Developing low uncertainty, thermodynamic temperature capabilities
Non-contact temperature measurement is based on the principle of blackbody radiation where a hot object emits electromagnetic radiation by virtue of its temperature. The actual spectrum of the emitted light depends on the temperature of the object being measured, with more shorter wavelength light emitted as the temperature of the object increases. This thermal radiation is detected using optical or infra-red detectors, similar in principle to those found in digital cameras. The temperature can be inferred from the intensity of the light emitted, either in total or at particular wavelengths.
Most thermometer calibration is done in terms of the International Temperature Scale or 1990 (ITS-90). This is only an approximation to 'true' (thermodynamic or primary) temperature, but has the advantage of being straightforward to achieve and guarantee worldwide standardisation. However, there are circumstances where it is necessary to know the true temperature, so we are researching how best to deliver thermodynamic calibrations.
Comparison with ITS-90
It is important to know how ITS-90 differs from thermodynamic temperature. By comparing sensors calibrated in terms of ITS-90 with primary temperature measurement based on Planck’s radiation law, this difference can be evaluated. The comparison is done using heat-pipe sources with extremely good stability, staying constant over time by better than five thousandths of a degree Celsius at up to 1000 °C. This is part of a global campaign to establish accepted differences.

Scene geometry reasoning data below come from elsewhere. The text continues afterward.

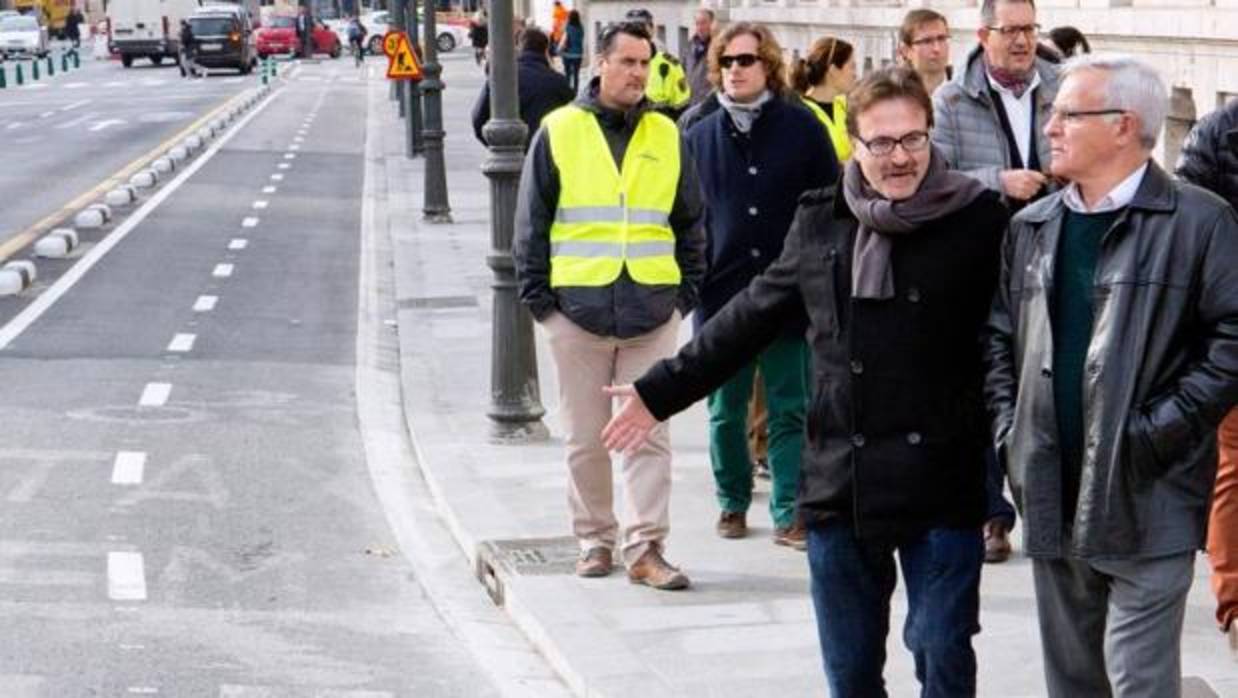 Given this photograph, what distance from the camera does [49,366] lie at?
15461 millimetres

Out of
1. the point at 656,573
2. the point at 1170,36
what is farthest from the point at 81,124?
the point at 656,573

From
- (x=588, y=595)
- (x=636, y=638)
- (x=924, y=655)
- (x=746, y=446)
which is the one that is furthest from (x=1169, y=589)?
(x=746, y=446)

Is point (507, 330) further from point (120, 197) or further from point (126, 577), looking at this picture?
point (120, 197)

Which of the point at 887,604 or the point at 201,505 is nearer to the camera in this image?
the point at 887,604

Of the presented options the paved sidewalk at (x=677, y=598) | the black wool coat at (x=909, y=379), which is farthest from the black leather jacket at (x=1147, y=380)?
the paved sidewalk at (x=677, y=598)

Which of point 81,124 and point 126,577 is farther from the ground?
point 126,577

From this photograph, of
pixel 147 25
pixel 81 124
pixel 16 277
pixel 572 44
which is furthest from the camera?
pixel 147 25

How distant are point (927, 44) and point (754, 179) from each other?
2.87 feet

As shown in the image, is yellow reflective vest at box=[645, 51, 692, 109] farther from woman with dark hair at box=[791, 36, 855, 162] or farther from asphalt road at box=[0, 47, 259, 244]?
asphalt road at box=[0, 47, 259, 244]

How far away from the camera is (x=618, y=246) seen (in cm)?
874

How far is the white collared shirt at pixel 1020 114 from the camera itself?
8484 millimetres

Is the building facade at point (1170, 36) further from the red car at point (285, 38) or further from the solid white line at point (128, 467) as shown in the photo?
the red car at point (285, 38)

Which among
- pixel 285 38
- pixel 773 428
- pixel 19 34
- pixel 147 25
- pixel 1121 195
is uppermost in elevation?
pixel 1121 195

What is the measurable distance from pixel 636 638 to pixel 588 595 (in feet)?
2.28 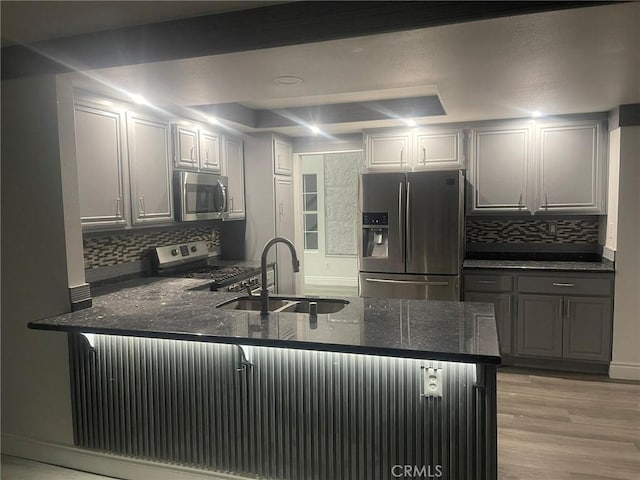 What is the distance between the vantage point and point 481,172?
15.0ft

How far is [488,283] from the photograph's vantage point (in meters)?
4.29

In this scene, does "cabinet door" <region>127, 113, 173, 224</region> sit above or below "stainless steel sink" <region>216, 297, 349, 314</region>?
above

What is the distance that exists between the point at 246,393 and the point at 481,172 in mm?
3164

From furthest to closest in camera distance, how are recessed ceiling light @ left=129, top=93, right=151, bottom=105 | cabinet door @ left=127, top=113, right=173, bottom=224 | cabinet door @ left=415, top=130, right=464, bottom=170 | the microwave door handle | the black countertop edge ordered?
cabinet door @ left=415, top=130, right=464, bottom=170 < the microwave door handle < cabinet door @ left=127, top=113, right=173, bottom=224 < recessed ceiling light @ left=129, top=93, right=151, bottom=105 < the black countertop edge

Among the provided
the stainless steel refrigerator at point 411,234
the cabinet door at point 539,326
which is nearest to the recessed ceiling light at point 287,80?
the stainless steel refrigerator at point 411,234

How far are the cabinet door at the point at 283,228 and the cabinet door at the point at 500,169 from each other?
6.26ft

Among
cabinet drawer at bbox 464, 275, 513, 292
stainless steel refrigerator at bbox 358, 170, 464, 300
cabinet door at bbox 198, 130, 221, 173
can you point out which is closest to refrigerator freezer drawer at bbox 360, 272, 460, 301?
stainless steel refrigerator at bbox 358, 170, 464, 300

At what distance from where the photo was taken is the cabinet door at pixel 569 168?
4277mm

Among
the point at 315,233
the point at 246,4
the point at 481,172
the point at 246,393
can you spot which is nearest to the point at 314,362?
the point at 246,393

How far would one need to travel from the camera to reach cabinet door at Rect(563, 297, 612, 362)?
403cm

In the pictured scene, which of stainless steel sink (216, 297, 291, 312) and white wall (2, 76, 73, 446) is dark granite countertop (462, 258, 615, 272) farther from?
white wall (2, 76, 73, 446)

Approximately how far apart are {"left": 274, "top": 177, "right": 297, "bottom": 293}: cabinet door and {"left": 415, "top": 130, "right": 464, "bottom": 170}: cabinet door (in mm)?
1412

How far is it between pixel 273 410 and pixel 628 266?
10.5 feet

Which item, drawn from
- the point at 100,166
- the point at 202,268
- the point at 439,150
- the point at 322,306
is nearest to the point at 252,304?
the point at 322,306
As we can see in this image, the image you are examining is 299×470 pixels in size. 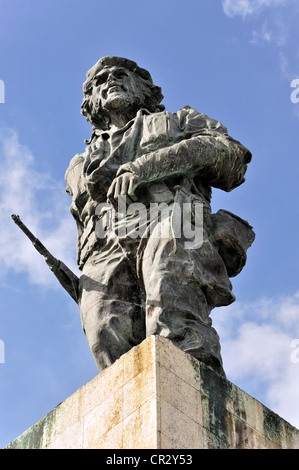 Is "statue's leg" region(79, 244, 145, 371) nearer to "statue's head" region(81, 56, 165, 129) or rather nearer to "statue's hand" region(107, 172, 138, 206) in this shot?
"statue's hand" region(107, 172, 138, 206)

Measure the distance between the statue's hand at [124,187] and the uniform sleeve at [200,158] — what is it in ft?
0.21

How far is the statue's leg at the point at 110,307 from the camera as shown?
964 cm

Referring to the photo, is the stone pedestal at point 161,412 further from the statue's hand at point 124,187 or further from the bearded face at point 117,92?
the bearded face at point 117,92

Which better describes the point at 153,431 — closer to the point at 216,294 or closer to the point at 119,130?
the point at 216,294

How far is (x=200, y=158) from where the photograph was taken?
10234mm

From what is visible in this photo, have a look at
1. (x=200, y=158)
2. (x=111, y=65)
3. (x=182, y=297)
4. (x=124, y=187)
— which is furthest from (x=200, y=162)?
(x=111, y=65)

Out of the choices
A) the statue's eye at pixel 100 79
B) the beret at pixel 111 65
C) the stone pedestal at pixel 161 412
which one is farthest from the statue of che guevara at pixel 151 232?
the stone pedestal at pixel 161 412

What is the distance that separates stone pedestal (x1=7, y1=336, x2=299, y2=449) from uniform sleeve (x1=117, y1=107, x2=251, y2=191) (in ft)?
7.84

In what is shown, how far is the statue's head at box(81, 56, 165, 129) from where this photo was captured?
454 inches

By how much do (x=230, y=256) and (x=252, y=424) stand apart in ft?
7.18

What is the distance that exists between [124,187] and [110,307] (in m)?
1.25

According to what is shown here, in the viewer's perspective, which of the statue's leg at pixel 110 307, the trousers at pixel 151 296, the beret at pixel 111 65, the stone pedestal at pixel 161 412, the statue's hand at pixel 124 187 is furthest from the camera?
the beret at pixel 111 65

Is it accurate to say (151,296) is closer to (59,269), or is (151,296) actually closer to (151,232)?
(151,232)
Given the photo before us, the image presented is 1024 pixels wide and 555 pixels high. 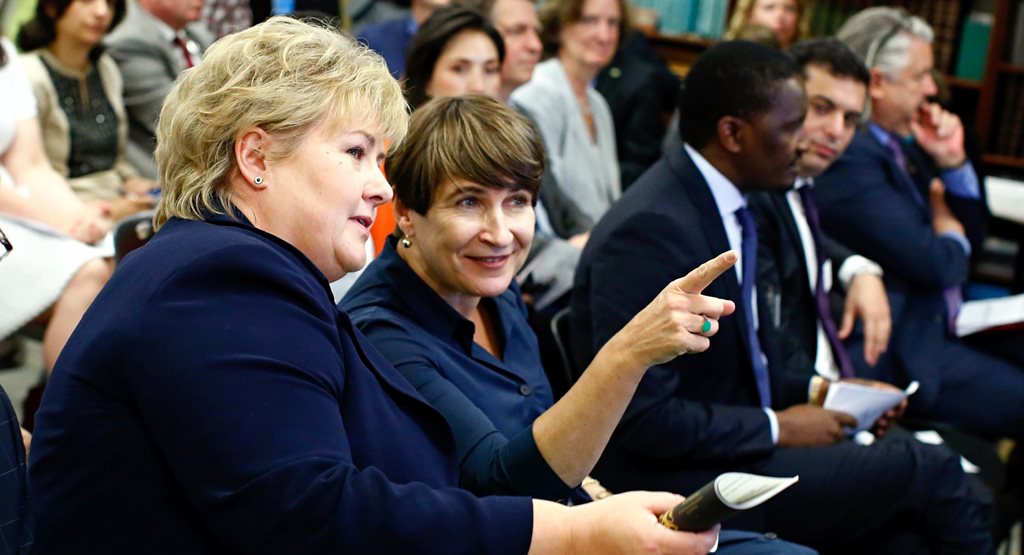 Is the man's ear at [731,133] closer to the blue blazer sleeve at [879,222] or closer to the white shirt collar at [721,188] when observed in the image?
the white shirt collar at [721,188]

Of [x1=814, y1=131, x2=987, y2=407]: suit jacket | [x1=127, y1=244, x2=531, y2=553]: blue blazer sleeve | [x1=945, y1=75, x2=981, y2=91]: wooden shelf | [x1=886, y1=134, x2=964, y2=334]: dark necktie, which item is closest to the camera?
[x1=127, y1=244, x2=531, y2=553]: blue blazer sleeve

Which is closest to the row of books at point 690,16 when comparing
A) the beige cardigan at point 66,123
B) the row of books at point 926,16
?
the row of books at point 926,16

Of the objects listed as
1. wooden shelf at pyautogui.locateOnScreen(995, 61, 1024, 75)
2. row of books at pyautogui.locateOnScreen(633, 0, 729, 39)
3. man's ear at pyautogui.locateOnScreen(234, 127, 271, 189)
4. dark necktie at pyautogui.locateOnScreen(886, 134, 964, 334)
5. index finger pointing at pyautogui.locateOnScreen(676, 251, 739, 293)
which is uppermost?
man's ear at pyautogui.locateOnScreen(234, 127, 271, 189)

High temperature improvement
New high-temperature reference standards, or fixed points, with values agreed as part of the International Systems of Units (the SI), open new possibilities for temperature metrology in the range 1000 °C to 3000 °C. We are researching improvements in the necessary furnaces and the interplay of various related uncertainty components. This allows us to supply high temperature fixed points to be part of thermodynamic temperature measurement capability to National Measurement Institutes (NMIs) and Designated Institutes (DIs) in other counties and to industrial calibration laboratories.
The availability of high temperature fixed points changes the requirements for the design of radiation thermometers that give the lowest uncertainty. This is, of course, also balanced against complexity and cost. NPL is developing a thermometer that can match our best measurement capability in a robust, cost-effective and compact package. Either on its own, or complemented by high temperature fixed points, this allows a level of uncertainty for the problematic high temperature range that is currently only achieved at top level NMIs.
Reference cells for in-process calibration
Pyrometers are often used in high temperature industrial environments, and focused on objects which are behind one or more windows, to protect the detector and the staff. This typically means that the signal is degraded over time, for example as the windows get 'dirty'. We are developing techniques to allow in-situ pyrometer validation, where suitable corrections for varying window transmission can be identified and applied without interfering with the ongoing industrial process.